━━ MATERIAL SUPPLIED ━━

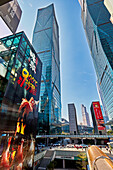 Exterior view of modern high-rise buildings in Futian Central Business District (CBD). Shenzhen, Guangdong Province, China.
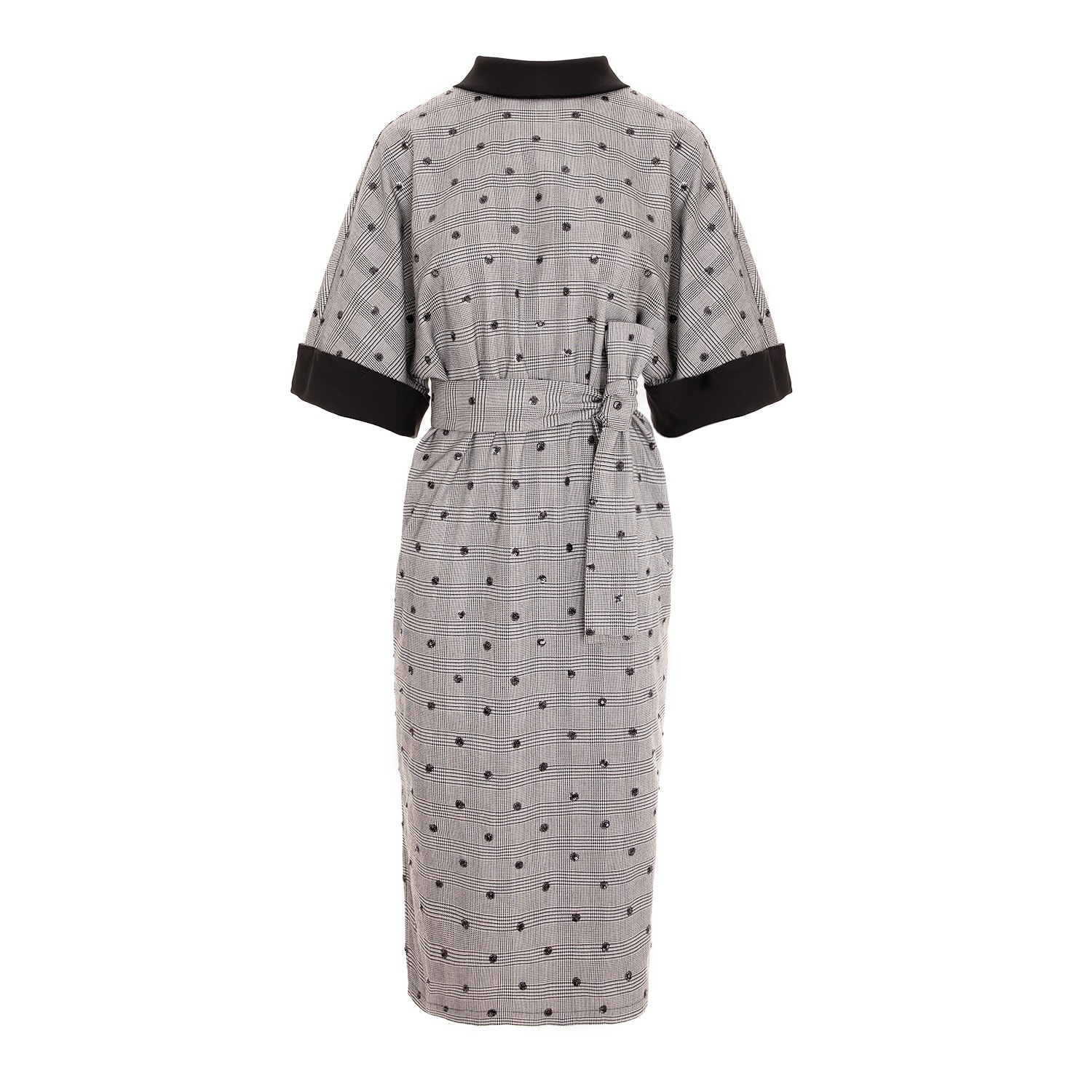 Concept A Trois Women's Grey Checked Midi Dress With Pockets And Sequins In Grey
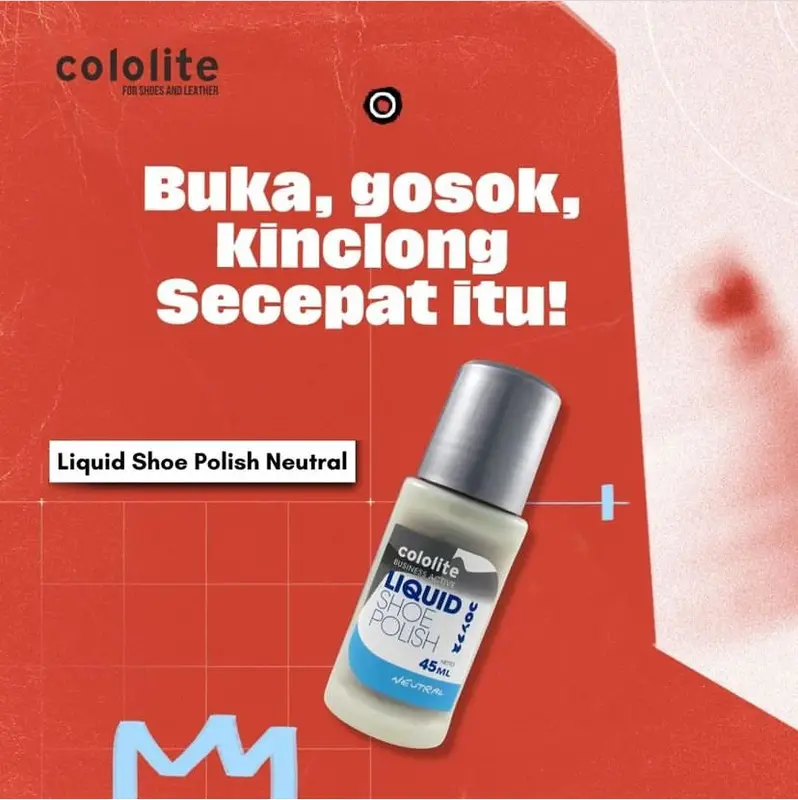 COLOLITE LIQUID SHOE POLISH Semir Sepatu Cair Kulit Praktik Mengkilap Sepatu Hitam Coklat Putih Netral Pria Wanita 45ml 1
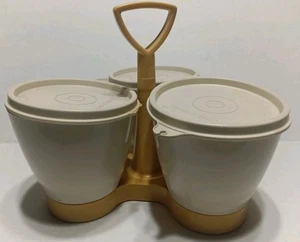 Juego de condimentos Tupperware vintage Harvest Gold Caddy #757-3 con tapas - Imagen 1 de 8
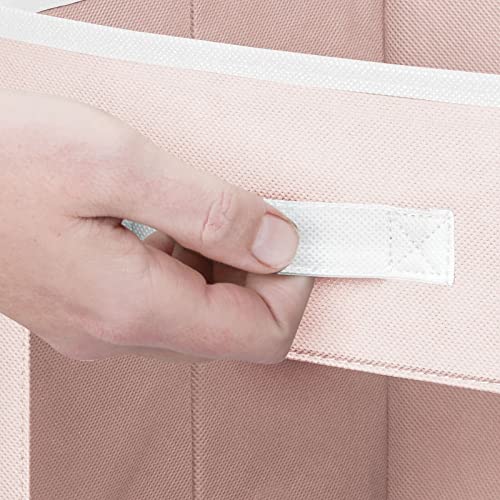 Mdesign Fabric Nursery/Playroom Closet Storage Organizer Bin Box With Front Handle/Window For Cube Furniture Shelving Units, Hold Toys, Clothes, Diapers, Bibs, Jane Collection, 4 Pack - Lt. Pink/White #TOP2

━━━

TASK TO COMPLETE >>
Nothing but the exact text of the records should appear in your answer, with no pictures. Please write it out.

ANSWER >>
 Exterior view of modern high-rise buildings in Futian Central Business District (CBD). Shenzhen, Guangdong Province, China.
 Concept A Trois Women's Grey Checked Midi Dress With Pockets And Sequins In Grey
 COLOLITE LIQUID SHOE POLISH Semir Sepatu Cair Kulit Praktik Mengkilap Sepatu Hitam Coklat Putih Netral Pria Wanita 45ml 1
 Juego de condimentos Tupperware vintage Harvest Gold Caddy #757-3 con tapas - Imagen 1 de 8
 Mdesign Fabric Nursery/Playroom Closet Storage Organizer Bin Box With Front Handle/Window For Cube Furniture Shelving Units, Hold Toys, Clothes, Diapers, Bibs, Jane Collection, 4 Pack - Lt. Pink/White #TOP2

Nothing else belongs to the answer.